Forever 21 operates in the US where the costs are really high and most of its operational cost turns to sunk cost. Asian and European real estate markets were soaring up high in prices in the 2000s and this was the period when the company invested on a tremendous scale. The vast expansion has led to overconsumption of its own resources. It will still function in Latin America and Mexico which doesn’t have such demarcated issues as in the previous markets. Sluggish sales over time due to low footfall in all the international stores resulted in overstocking and logistic issues. The brand caters to runaway fast chic designs and thus everyday changes in trends meant more designing, restocking, and higher costs. The stores also invested heavily in visual merchandising employing a considerable number of temporary and permanent staff just for this chore.

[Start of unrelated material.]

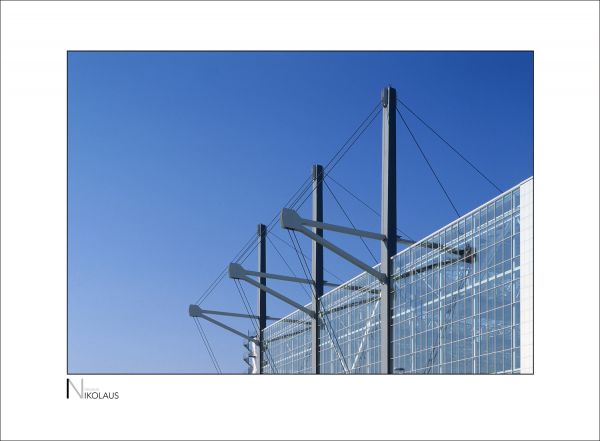 Stahlträger der Wartungshalle Flughafen München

The brand has massive competition from brands like H&M and Zara for brick and mortar stores. Even one look around the malls in the city you stay can give you a sense of how H&M is expanding in a gigantic way and the huge amount of discounts are offered by Zara. Also, the bankruptcy issue can be traced to fashion forecasting issues where the band had stuck to its signature styles in the segments of bodysuits, jeans, and accessories hardly making any change in different fashion seasons. Whatever accumulated reasons we come across, it can be inferred without a doubt that the way we shop today has changed extensively leading to the low sales volume of such established brands too.
Interestingly, it was today in 1907 that the U.S. President Roosevelt had asked financier JP Morgan to combat the stock market crash and today JP Morgan Chase has provided finances worth USD 275 million to Forever 21. Only time will assure whether the fashion giant would stand on its feet again as the national economy did back then!